If you ever share an airport with large aircraft, including airliners and cargo aircraft, you're sure to hear controllers warning pilots about
heavy aircraft. The word is typically used in conjunction with a wake turbulence advisory. When a controller warns you, for instance, that you will be landing behind a heavy aircraft, he or she is referring to an aircraft that is capable of takeoff weights that are greater than 255,000 pounds, regardless of the aircraft's current actual weight. Some lighter aircraft that are known to create severe wake turbulence, such as the Boeing 757, may also be designated heavy.
When your light aircraft is following a heavy aircraft at the same altitude or within 1,000 feet below the larger aircraft's altitude, air traffic controllers are required to provide separation of at least five miles - six miles when the heavy aircraft is over the runway threshold. Takeoff separation may be measured by distance or time intervals. For example, when a small aircraft will take off behind a heavy aircraft, controllers must provide a three-minute interval between the departures of the two aircraft. Pilots may request additional separation. If you wish to make such a request, contact ground control as soon as possible and before taxiing onto the runway.

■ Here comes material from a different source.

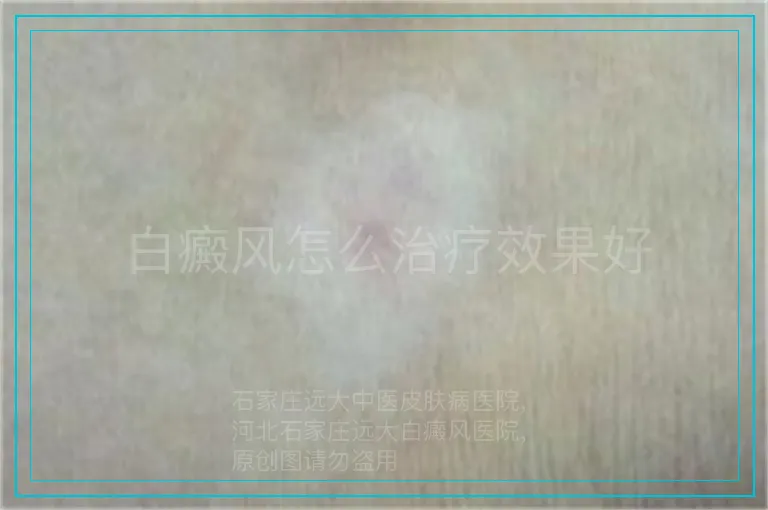 白癜风怎么治疗效果好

Heavy is just one of three aircraft classes identified by air traffic controllers for the purposes of wake turbulence separation. Aircraft are classed as small if they are certificated for takeoff weights of less than 41,000 pounds. Aircraft are considered large if they are certificated for a takeoff weight of between 41,000 pounds and 255,00 pounds. How much separation controllers must leave between aircraft depends on their classification.
Call Up
While any radio call might be considered a call up, the Aeronautical Information Manual takes a narrower view of the term. Technically, call up refers only to the first voice contact between a facility and an aircraft. Because it is the first voice communication, the person calling must use his unit's full identification and the identification of the unit he is calling. That means that a pilot making a call up to the approach control facility at Baltimore Washington International Airport would say, "Baltimore Approach, Cessna One-Two-Three-Alpha-Bravo," rather than using the abbreviated form acceptable on a later call, "Approach, Cessna-Alpha-Bravo."